After a complaint from BlackBerry, Typo has been ordered to pay damages for ignoring court orders
BlackBerry has won damages from Typo, which has been ordered by the court to pay $860,000 for breaching a ruling that ordered a hold on sales of its original iPhone keyboard case. According to the court statement, Typo has sold approximately 19,000 of the keyboards since the preliminary injunction, reports Reuters.
Typo ignored court orders, BlackBerry complained
The ruling came after Blackberry complained to the court that Typo is still selling and marketing the original Typo case despite the court’s order, which was issued in March of last year and called for a ban on sales.
The Canadian smartphone maker has asked for $2.6 million in sanctions plus attorney’s fees, suggesting that Typo made at least two bulk sales and performed a hundred warranty replacements after sales were barred.
The judge agreed that it is not known how much Blackberry was affected by Typo’s sales but accepted that Typo’s not-so-clever attempts to breach the court’s order reflected the company’s intentions. U.S. District Judge William Orrick in San Francisco ordered Typo to pay only one-third of what was demanded by BlackBerry, and that is directly tied to the additional revenue Typo could have expected from its illegal conduct.
Typo 2 unaffected
After the initial ruling, Typo released a second version dubbed the Typo 2 that was designed to avoid intellectual property conflicts with BlackBerry. A Typo representative said that ruling comes under the ongoing patent litigation related to the initial Typo product. “It has no impact on the Typo 2 product currently in the marketplace or our other planned product releases for the tablet,” the representative stated.
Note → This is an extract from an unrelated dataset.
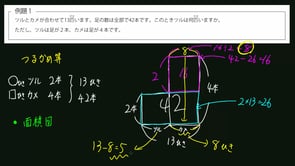 動画解説 みんなの算数オンライン 差が集まって になる 差集め算の入門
A BlackBerry representative said the court order has said it all.
Typo’s keyboard was launched in December 2013. Media personality Ryan Seacrest invested $1 million in the product, which was the outcome of Apple users’ desire to use a physical keyboard on their touch screen device. Seacrest and his partner Lauren Hallier felt that many of their friends are roaming around with two phones, one for typing and correspondence, primarily a BlackBerry, and an iPhone for other things. BlackBerry sued Typo in January 2014, a few days after the original Typo model was launched.
BlackBerry’s complaint is a case no. 14-cv-00023-WHO in the United States District Court for the Northern District of California.